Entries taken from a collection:
= Beginning of Section =

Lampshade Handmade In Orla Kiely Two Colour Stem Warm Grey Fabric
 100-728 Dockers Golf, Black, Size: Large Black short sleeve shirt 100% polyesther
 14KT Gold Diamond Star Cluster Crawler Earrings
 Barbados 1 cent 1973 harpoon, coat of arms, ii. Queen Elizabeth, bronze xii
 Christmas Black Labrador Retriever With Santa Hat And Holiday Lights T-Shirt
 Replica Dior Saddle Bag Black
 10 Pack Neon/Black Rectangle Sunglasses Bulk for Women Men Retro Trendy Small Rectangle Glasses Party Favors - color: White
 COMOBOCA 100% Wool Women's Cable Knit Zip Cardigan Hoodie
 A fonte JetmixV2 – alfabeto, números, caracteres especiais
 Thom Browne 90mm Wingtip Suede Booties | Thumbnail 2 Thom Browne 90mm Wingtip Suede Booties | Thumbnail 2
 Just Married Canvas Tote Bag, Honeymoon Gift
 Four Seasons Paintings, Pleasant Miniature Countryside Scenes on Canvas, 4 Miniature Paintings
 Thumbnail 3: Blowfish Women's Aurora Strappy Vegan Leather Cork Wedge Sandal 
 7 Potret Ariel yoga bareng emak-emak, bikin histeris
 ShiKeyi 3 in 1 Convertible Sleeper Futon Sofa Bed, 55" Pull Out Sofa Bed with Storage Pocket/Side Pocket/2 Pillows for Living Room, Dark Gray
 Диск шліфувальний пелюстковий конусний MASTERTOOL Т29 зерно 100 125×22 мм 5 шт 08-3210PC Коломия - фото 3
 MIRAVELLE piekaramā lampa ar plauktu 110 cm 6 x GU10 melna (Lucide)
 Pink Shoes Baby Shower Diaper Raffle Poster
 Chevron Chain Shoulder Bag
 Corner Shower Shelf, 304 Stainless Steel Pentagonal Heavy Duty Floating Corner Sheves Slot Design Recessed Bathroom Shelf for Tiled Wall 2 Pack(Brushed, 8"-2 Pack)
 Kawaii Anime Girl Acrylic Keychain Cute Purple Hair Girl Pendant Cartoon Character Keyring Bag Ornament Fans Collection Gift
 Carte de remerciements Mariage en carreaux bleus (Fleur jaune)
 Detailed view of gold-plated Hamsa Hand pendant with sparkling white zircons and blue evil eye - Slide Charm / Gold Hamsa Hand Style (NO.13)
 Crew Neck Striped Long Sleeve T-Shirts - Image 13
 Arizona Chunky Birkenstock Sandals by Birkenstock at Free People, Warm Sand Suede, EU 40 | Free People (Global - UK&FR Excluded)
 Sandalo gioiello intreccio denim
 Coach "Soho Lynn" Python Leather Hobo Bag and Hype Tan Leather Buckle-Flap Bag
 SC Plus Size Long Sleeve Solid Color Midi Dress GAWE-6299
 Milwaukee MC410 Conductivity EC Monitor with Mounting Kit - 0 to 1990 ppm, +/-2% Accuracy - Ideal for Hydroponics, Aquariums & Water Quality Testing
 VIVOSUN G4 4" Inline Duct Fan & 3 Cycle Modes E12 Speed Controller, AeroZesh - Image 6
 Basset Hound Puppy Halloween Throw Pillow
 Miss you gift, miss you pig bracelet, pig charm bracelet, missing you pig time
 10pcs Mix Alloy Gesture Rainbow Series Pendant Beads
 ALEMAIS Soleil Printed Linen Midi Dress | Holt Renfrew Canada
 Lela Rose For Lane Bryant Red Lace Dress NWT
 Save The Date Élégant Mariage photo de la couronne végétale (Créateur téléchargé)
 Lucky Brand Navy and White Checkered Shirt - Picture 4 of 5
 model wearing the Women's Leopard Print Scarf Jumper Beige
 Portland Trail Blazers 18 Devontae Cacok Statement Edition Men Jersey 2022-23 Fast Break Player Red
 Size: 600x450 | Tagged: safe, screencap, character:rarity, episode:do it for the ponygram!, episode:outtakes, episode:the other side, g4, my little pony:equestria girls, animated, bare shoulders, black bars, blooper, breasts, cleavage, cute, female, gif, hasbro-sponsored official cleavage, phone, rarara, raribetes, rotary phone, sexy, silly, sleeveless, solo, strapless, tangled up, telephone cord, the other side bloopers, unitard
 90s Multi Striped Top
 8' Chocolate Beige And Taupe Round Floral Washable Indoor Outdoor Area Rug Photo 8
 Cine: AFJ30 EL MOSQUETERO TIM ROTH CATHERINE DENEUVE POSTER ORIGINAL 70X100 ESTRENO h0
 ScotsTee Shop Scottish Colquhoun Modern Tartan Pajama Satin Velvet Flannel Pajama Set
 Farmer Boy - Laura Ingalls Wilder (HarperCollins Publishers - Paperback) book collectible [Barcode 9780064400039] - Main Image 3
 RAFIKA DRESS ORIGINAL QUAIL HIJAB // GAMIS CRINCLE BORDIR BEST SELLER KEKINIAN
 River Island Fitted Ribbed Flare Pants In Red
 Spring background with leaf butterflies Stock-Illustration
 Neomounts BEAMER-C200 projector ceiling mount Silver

= End of Section =

Task to complete:
Collect every line above that contains the word "Long".

Problem solution:
 Crew Neck Striped Long Sleeve T-Shirts - Image 13
 SC Plus Size Long Sleeve Solid Color Midi Dress GAWE-6299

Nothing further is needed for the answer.